- [TASK TO CARRY OUT] Leave out any picture and return the remaining listing below exactly as given.

- [SUPPLIED INFORMATION]
====================

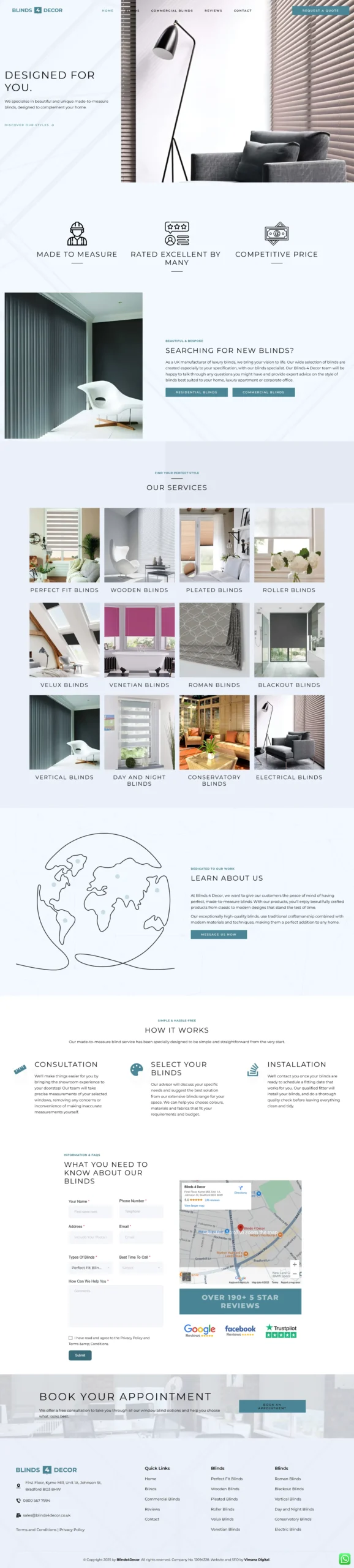 Blinds for Decor Website Design by Vimana Digital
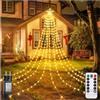 POIFL Luci Natale Esterno, 344 LED Luci Albero di Natale e 9 Fili-3.6M con Timer, IP65 Stella Luci Natale Esterno Cascata, 8 Modalità/10 Luminosità Tenda Luminosa Natale per Esterne, Interno, Balcone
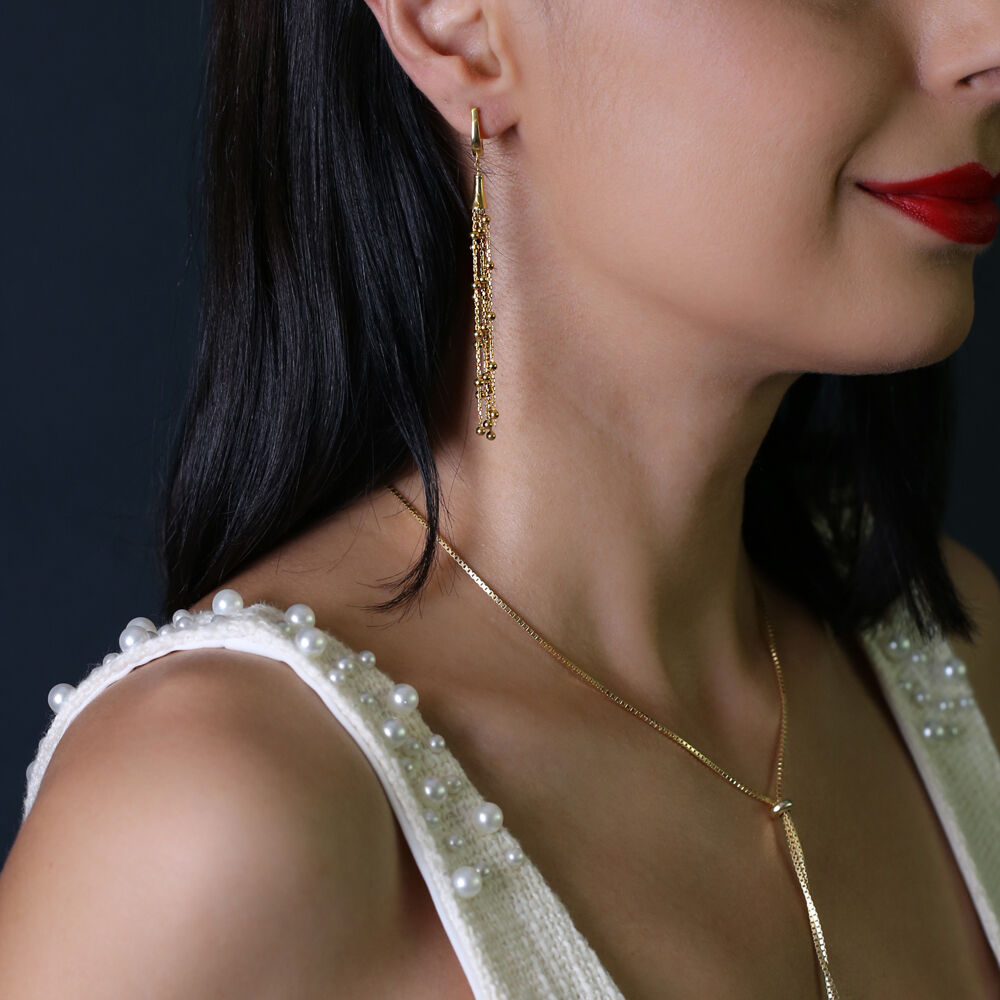Stylish Single Long Dangle Earrings Ball Chain Wholesale Turkish 925 Sterling Silver Jewelry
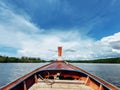 Ship Nose Front View Long tail boat at Island sea Thailand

====================

- [EXERCISE SOLUTION]
 Blinds for Decor Website Design by Vimana Digital
 POIFL Luci Natale Esterno, 344 LED Luci Albero di Natale e 9 Fili-3.6M con Timer, IP65 Stella Luci Natale Esterno Cascata, 8 Modalità/10 Luminosità Tenda Luminosa Natale per Esterne, Interno, Balcone
Stylish Single Long Dangle Earrings Ball Chain Wholesale Turkish 925 Sterling Silver Jewelry
 Ship Nose Front View Long tail boat at Island sea Thailand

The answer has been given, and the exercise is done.